【往還集122】16「みちの奥の、ひとばめん」

「霊屋下」という名の停留所で下車して 広瀬川にかかる橋を渡る
提の細い褐色の道を歩いてゆくと左側に運動場があって ひときわ高い真黄の葉をつけた銀杏の木が高天に聳え立っている
その下の階段を旋回するように上ってゆく 瑞鳳寺の小暗い杜を横目にる
ちょうど、登りきった肩のあたりが、むかし 魯迅が下宿していたあたりだという

 田村雅之新詩集『水馬』(白地社)に「みちの奥の、ひとばめん」がある。
 半世紀もまえにみちの奥、つまり仙台に降り立った。その記憶を辿る作品だ。
 秋日和の今日、詩集を片手に自分も同じルートを歩いてみた。周遊バスは「青葉通りを左折」「大学正門前を右折」、「霊屋(おたまや)下」の停留所で下車、「広瀬川にかかる橋を渡る、花壇という曲輪の砂岸が見え」と詩はいう。

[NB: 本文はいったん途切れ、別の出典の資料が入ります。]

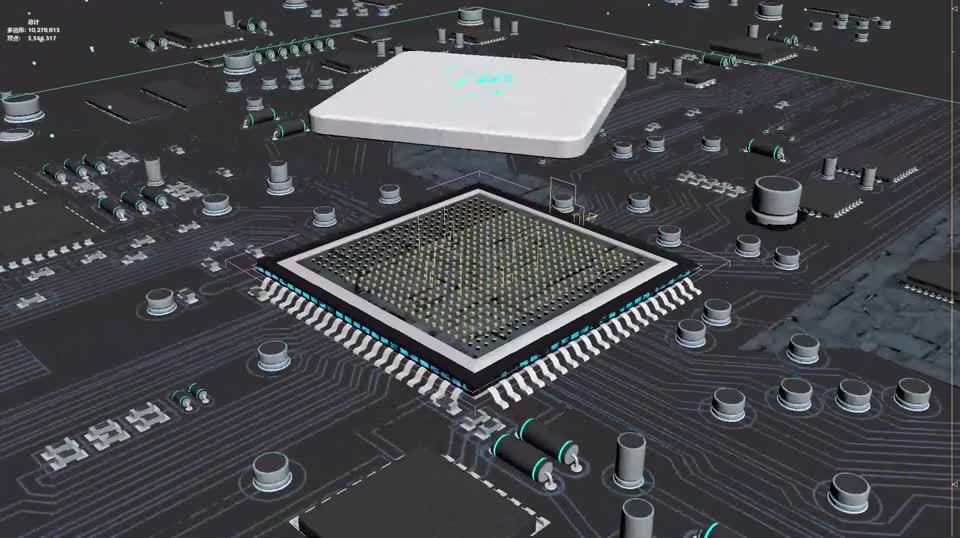 cpu 科技模型-现代场景模型库-3ds Max(.max)模型下载-cg模型网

 橋は当時に比べたら広く立派になった。東方にはビルが城壁のように聳え立ち、天文台も移転した。
 ただし「左脇に運動場」があり、銀杏の木が聳えるのはそのまま。上り階段も魯迅下宿の建物も現存している。とはいえ木造家屋はいまにも崩壊しそうで、一部はビニールシートで覆われている。
 田村氏は「夢の出口にさしかかった不思議な自分を発見する」とうたう。
かくいう自分も、夢の入口から夢の出口へ抜け出たような不可思議さに、しばしとらわれた。